80'lerde, falkland savaşı sürerken ingiltere'de artan göç oranı ve buna bağlı olarak artan işsizliğin anlatıldığı film, samimiyeti ve dürüstlüğüyle; mesajlarını kafamıza vurmaktansa aklımıza kazımasıyla; oyunculuklarla; müziklerle; sadeliğiyle... kısacası her şeyiyle öne çıkıyor!
shaun isimli, babasını falkland savaşı'nda kaybeden bir çocuğun düştüğü yalnızlık duygusu ile başlayan film, bulduğu arkadaş çevresinin serseriliğiyle devam ediyor... filmi izlerken adeta filmin içine kapılıp aynı duyguları hissediyorsunuz! gençlerin düşmüş olduğu boşluğu, işsizliğin vermiş olduğu stresi, ırkçılığı... tüm duyguları tadıyorsunuz...
bir dönem filminden ne beklenirse, cevabını bulabileceğiniz bir film this is england. bilhassa kendilerinin milliyetçi olduğunu iddia eden nazi bozması ingilizleri gördükçe, küçücük zihinleri nasıl doldurduklarını ve "kendilerinden" olmayanlara nasıl baktıklarını fark ettikçe, ırkçılığın safiyane tadını alıyorsunuz; şiddetli bir reddedişe rağmen ırkçılık! özellikle son sahnelerde anlıyoruz bunu.
ancak film olumsuz bir duyguyla bitmiyor, filmin temeline hakim olan karamsarlık son periyotta kendini "güzel günler gelecek" umuduna bırakıyor.
oyunculuklarda 7'den 70'e, ufak rollerden baş rollere herkesin hakkını vermek lazım; hatasıza yakın oynamışlar... ve karşılığını da gelecek vaadeden oyuncu, 2006 londra ingiltere sinema yeteneği gibi bir çok ödülü kazanmışlar...
bir dönem filmi olarak diğer benzerlerinden farkı, mesajlarını klasik yolla vermemesi; bir çocuğun gözünden, neredeyse aynı saflıkla olayları göstermesidir. izlenilesi ve üzerinde derin derin düşünülmesi gereken bir film, gelecekte eminim ki "kült" sıfatını alacaktır...

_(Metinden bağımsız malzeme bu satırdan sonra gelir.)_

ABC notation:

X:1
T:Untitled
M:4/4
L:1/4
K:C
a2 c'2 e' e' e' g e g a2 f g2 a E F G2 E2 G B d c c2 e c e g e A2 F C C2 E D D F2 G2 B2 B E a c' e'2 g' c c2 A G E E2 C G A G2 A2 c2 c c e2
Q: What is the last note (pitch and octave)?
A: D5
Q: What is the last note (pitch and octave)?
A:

2 senedir elimde durup da, izlemek için şu günün sabah saat 05:00'ini seçmiş olduğum filmdir. bittikten sonra "bu filmi bunca zamandır izlemeyen kafamı zikim!" dedirtmiştir.

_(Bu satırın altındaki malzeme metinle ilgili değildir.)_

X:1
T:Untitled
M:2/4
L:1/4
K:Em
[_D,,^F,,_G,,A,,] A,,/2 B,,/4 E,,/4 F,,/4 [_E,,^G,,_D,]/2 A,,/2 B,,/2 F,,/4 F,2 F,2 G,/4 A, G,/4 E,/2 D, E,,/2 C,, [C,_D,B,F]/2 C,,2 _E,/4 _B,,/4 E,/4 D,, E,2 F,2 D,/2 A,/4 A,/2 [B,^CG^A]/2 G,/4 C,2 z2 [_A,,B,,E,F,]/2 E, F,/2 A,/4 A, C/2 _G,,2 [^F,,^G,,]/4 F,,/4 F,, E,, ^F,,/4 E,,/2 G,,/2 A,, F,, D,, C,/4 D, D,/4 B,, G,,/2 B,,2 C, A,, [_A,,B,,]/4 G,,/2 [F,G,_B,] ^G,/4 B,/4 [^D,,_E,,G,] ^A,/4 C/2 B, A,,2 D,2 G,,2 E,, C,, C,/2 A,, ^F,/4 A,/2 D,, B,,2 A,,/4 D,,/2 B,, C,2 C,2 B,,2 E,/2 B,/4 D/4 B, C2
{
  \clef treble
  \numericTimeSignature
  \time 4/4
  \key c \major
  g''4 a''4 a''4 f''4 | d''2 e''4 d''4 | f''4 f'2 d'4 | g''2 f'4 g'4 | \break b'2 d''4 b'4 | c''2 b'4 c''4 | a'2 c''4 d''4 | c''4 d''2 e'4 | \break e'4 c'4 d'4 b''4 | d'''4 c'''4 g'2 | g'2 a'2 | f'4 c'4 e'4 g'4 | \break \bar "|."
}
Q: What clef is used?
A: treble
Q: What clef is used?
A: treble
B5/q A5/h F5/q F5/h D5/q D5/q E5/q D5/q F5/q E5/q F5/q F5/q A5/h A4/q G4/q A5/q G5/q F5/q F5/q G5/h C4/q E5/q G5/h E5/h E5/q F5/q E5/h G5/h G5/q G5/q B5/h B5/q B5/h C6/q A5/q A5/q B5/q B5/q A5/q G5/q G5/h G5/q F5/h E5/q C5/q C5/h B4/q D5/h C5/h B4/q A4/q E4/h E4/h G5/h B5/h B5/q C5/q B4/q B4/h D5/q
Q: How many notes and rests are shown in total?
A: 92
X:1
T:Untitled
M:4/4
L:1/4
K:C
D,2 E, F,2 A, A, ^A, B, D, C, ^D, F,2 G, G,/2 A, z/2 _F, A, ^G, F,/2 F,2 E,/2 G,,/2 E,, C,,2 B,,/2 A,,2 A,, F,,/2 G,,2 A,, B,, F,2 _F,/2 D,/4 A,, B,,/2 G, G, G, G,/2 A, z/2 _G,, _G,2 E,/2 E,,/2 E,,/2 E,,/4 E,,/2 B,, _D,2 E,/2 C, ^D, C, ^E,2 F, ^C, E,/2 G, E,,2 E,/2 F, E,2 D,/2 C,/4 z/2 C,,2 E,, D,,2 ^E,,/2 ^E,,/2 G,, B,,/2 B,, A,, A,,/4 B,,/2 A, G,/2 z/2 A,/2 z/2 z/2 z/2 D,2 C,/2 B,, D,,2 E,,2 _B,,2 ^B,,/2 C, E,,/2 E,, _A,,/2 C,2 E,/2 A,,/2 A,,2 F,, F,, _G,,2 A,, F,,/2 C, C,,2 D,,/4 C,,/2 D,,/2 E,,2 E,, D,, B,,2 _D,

ilk önce thomas turgoose denen çocuğun ve stephen graham'ın oyunculuklarından bahsetmek isterim. vay mınıskym! bu kadar. başka da bir şey demiyorum.
filmi öncelikle tür olarak ele alacak olursak, müthiş bir dönem filmi. yani öyle büyük setler, hayvani ambiyanslar yok. ama elleri öpülesi görüntü yönetmeni ve senarist sayesinde o ufak tefek mekanlarda geçen film resmen şahane bir dönem filmine dönüşmüş. girişteki 1980'lerin ingilteresi'ni gösteren nostaljik videonun ve gayet başarıyla seçilmiş müziğin etkisini de unutmamak lazım. şimdi "lan sanki 1980'lerde ingiltere'de yaşadın" diyenler olacaktır. hemen söyleyelim, margaret thatcher dönemi ingiltere'nin muhafazakar iç politikası ve özellikle filmin merkezindeki falklands savaşı üzerine vaktiyle bir şeyler okumuşluğumuz, izlemişliğimiz vardır.
--spoiler tehlikesi--
öncelikle şunu belirtelim: bu filmin kötü adamı ne combo, ne de o iri yarı dazlak amca. bu filmin kötü adamı falklands savaşı. filmdeki karakterlerin hayatını karartan tüm düzenlerini altüst eden şey, dünyanın bir ucunda yaşanan ufak çaplı bir savaş.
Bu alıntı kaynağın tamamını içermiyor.